Kramar also sang the traditional Scottish ballad, “Faithful Johnie,” the Irish song “The Pulse of an Irishman,” and Joanna Ballie’s “O swiftly glides the bonny boat.” For the most part, the trio provided a solid background for Kramar’s voice, but in “Pulse,” they added an extensive instrumental bridge between verses, and in “Come fill” they added a spirited closing.
Mendelssohn’s Piano Trio in C minor, Op. 66, brought the evening to a most satisfying conclusion. Written in the year before his death, this trio somehow manages to sound much fuller than just three instruments. And while he certainly was more than just a supporting player in the two Beethoven works, pianist Thomas Sauer was the key component of this exciting selection.
After an opening allegro energico e con fuoco, which tended to churn ahead non-stop, Sauer began the second movement, andante espressivo, with a lovely solo that has been referred to as one of Mendelssohn’s “songs without words” and then gently handed the theme off to the two string parts for a beautiful duet.
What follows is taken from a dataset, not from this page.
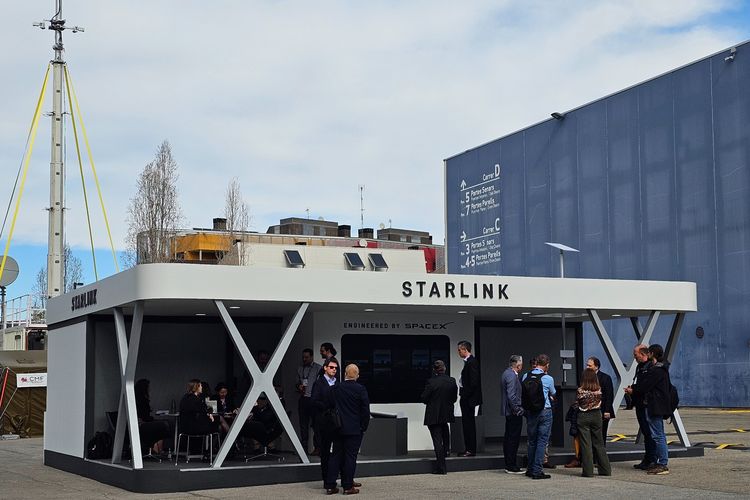 Starlink pamerkan teknologinya di ajang Mobile World Congress (MWC) Barcelona 2024 di Spanyol.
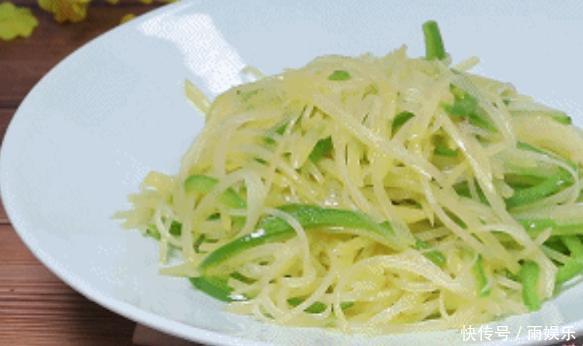 炒土豆丝前,别再用水冲洗了!怪不得你做的不爽脆,还粘锅…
Before the movement ended, Carr offered great playing that contrasted the cello’s upper and lower ranges.
Sauer was in near-constant motion in the scherzo movement, and the gorgeous fourth movement, allegro appassionato, with its reference to a German chorale, introduced by Sauer, brought all the musical forces together for a rousing finish.
Gregorian, the festival’s artistic director, Carr, and Sauer have performed together before in the Four Seasons series, and they seem to play off each other’s musicianship with consummate skill and grace. While they won’t be returning to the Greenville stage this season, let’s hope they will continue to be part of future seasons.